* **Work to complete**: Every record below must be returned word for word, with the pictures left out.
____
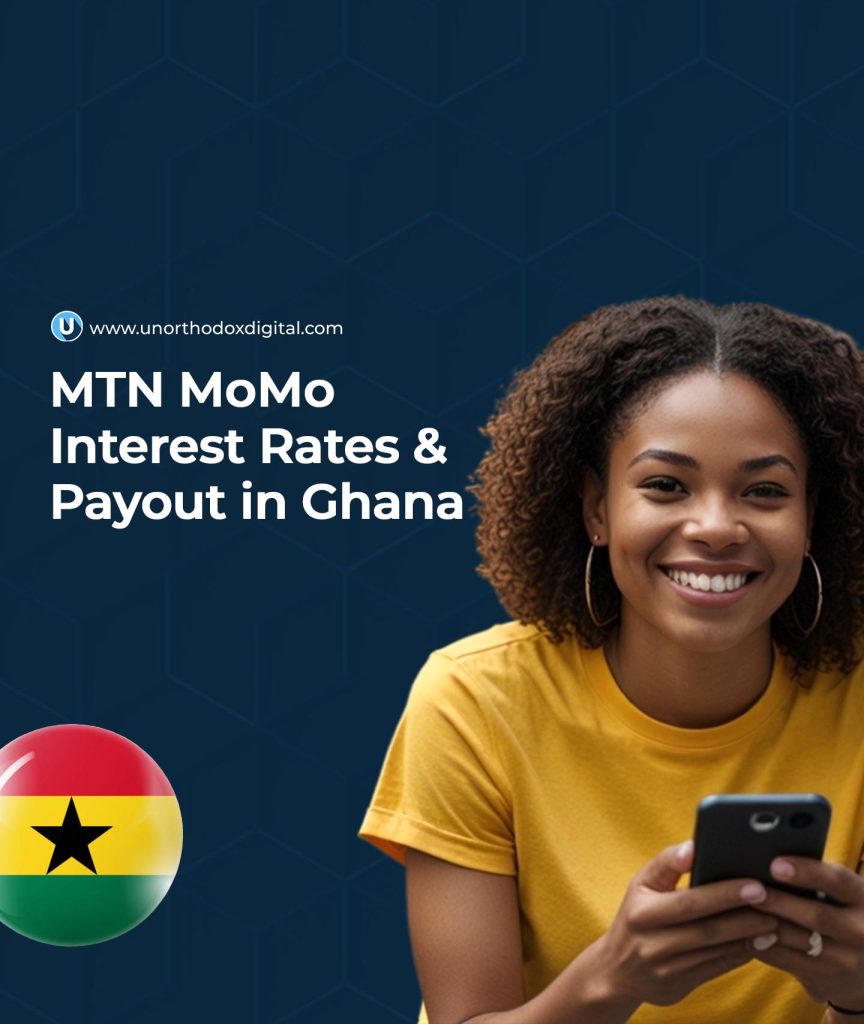 MTN MoMo Interest Rates & Payout in Ghana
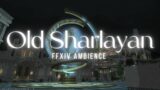 Old Sharlayan Night Ambience | FFXIV | Music to Study and Relax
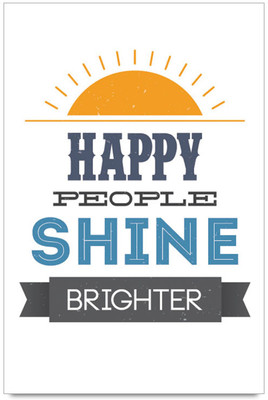 58% OFF on Happy People Shine Brighter Paper Print(18 inch X 12 inch)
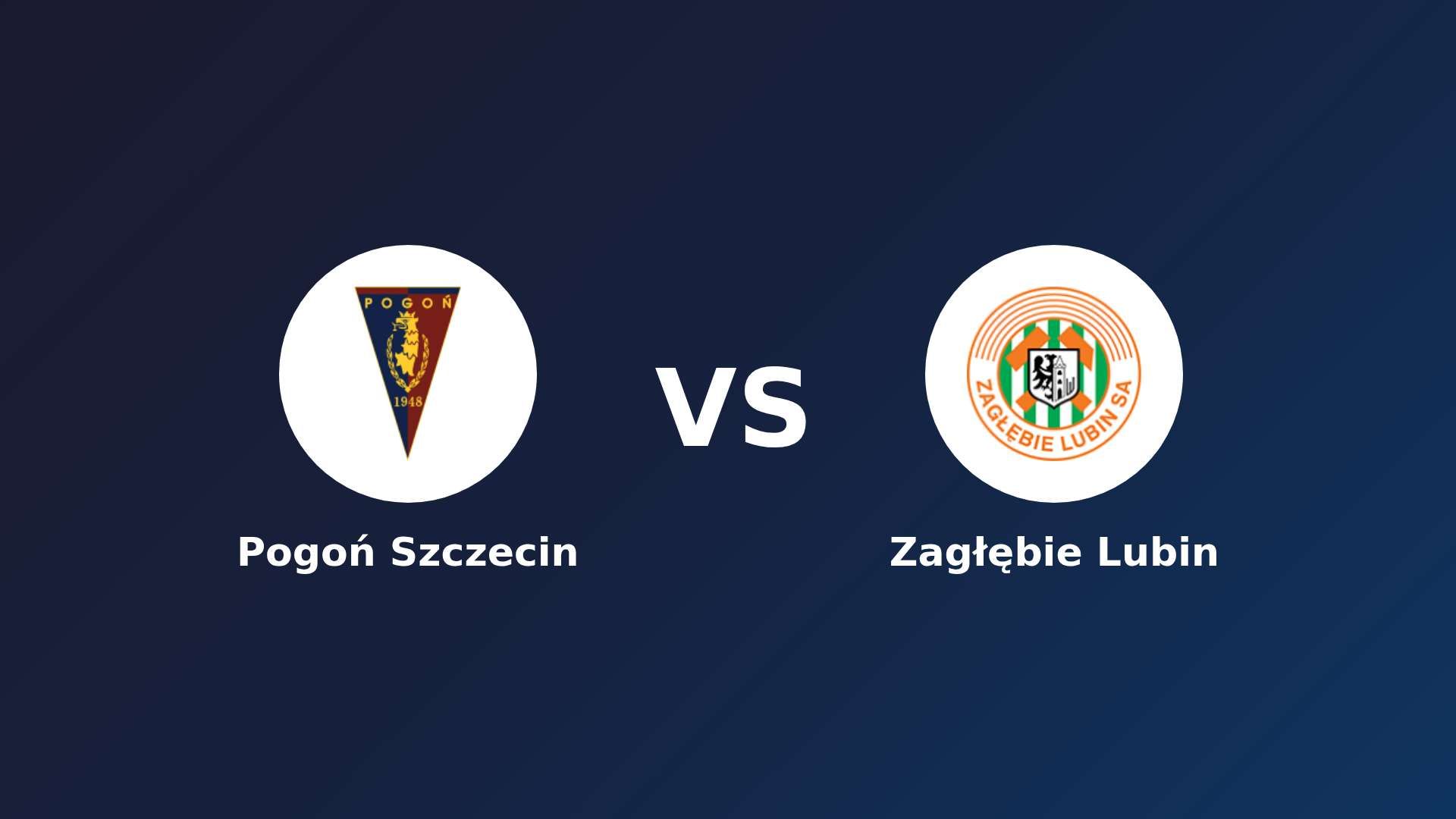 Pogoń Szczecin vs Zagłębie Lubin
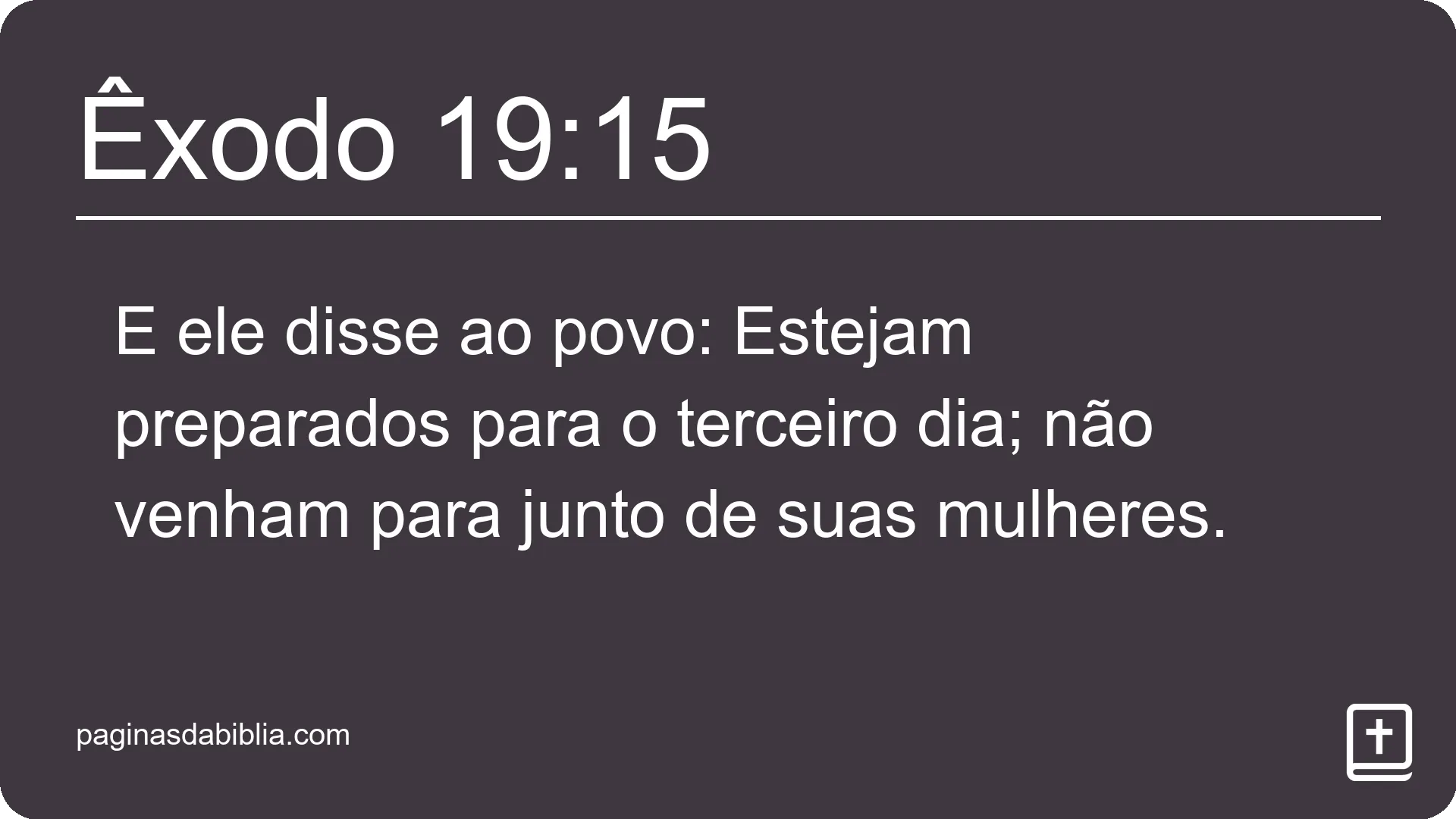 Êxodo 19:15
____
* **Written reply**:
 MTN MoMo Interest Rates & Payout in Ghana
 Old Sharlayan Night Ambience | FFXIV | Music to Study and Relax
 58% OFF on Happy People Shine Brighter Paper Print(18 inch X 12 inch)
 Pogoń Szczecin vs Zagłębie Lubin
 Êxodo 19:15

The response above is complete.